··· Exercise materials ···

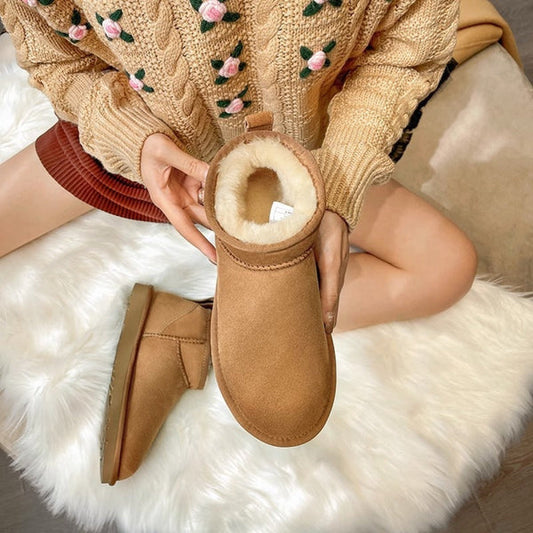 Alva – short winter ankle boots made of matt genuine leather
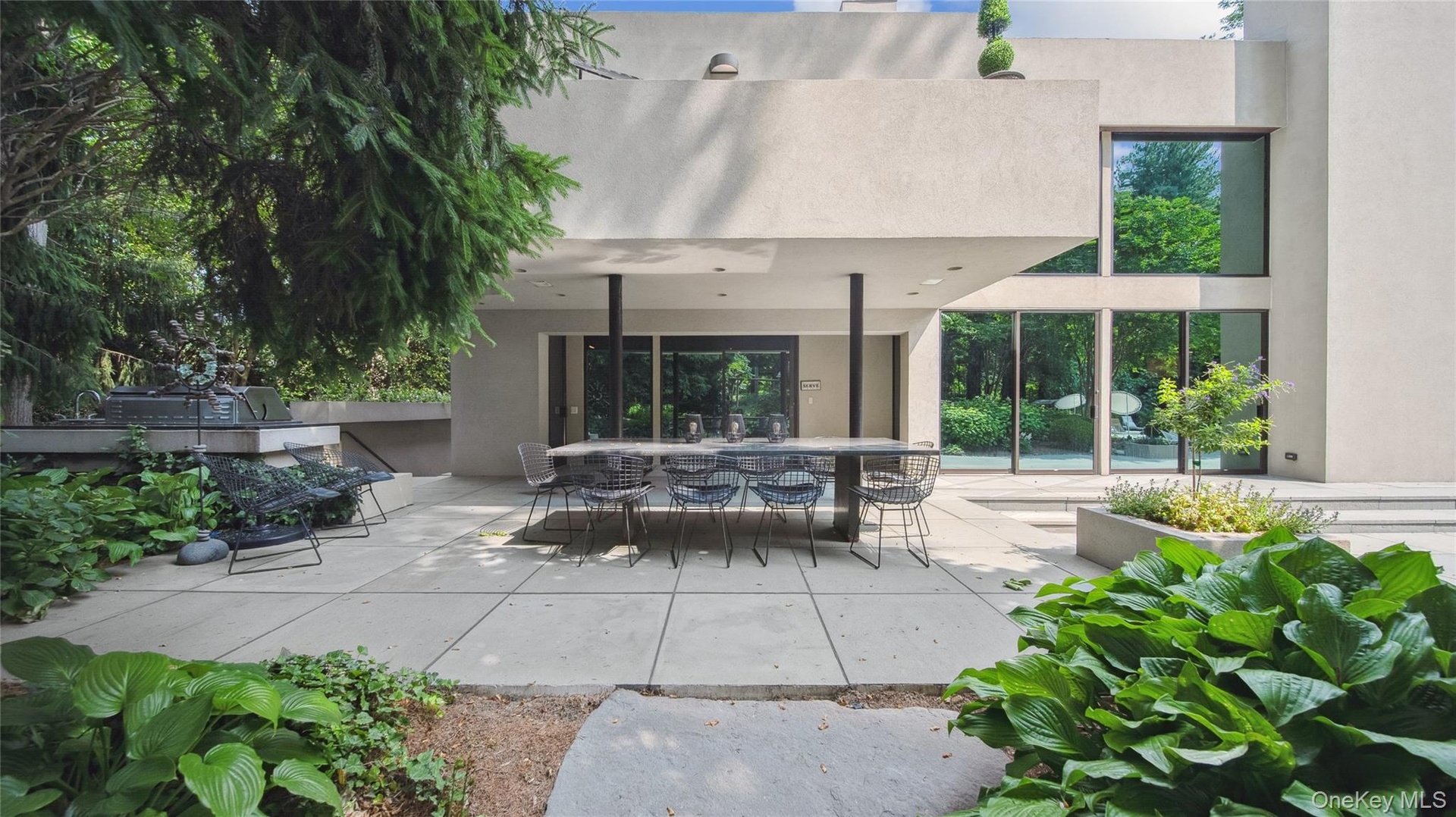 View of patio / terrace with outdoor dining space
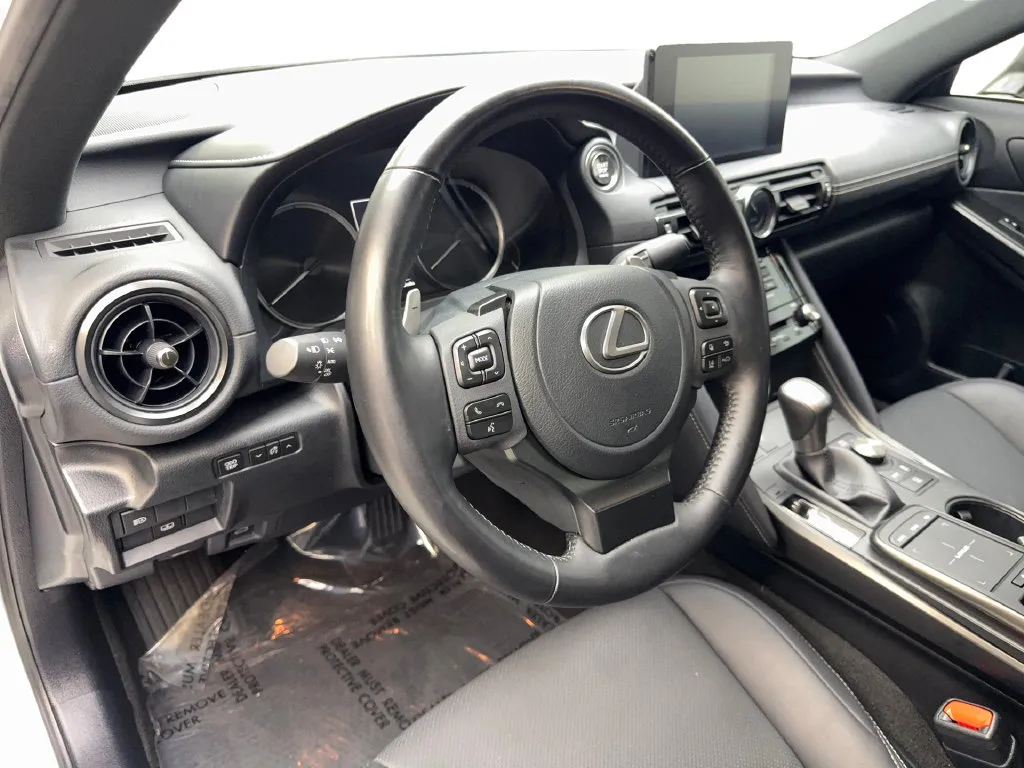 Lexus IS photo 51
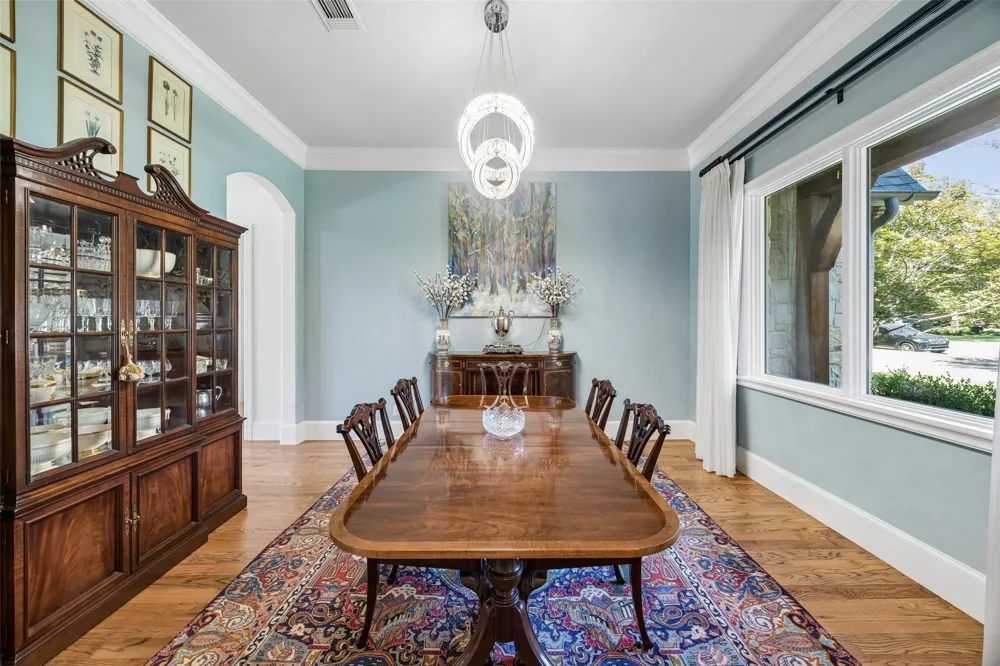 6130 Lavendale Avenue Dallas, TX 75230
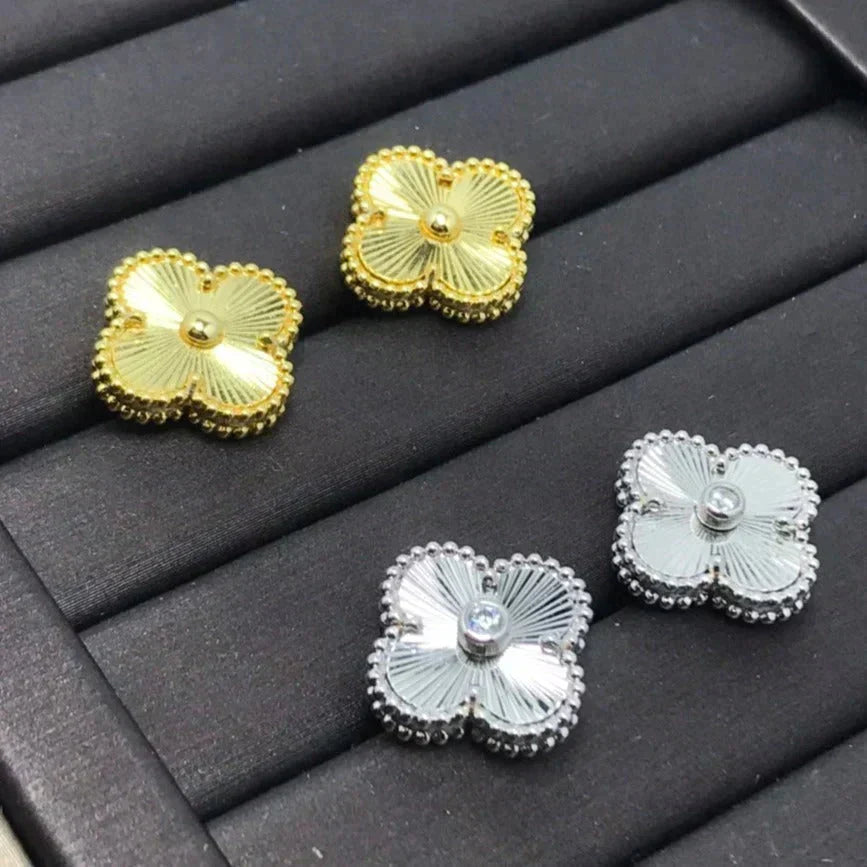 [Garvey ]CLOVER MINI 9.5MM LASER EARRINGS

···

▶ _Required action_
Give the data again exactly, image-free.

▶ _Exercise solution_
 Alva – short winter ankle boots made of matt genuine leather
 View of patio / terrace with outdoor dining space
 Lexus IS photo 51
 6130 Lavendale Avenue Dallas, TX 75230
 [Garvey ]CLOVER MINI 9.5MM LASER EARRINGS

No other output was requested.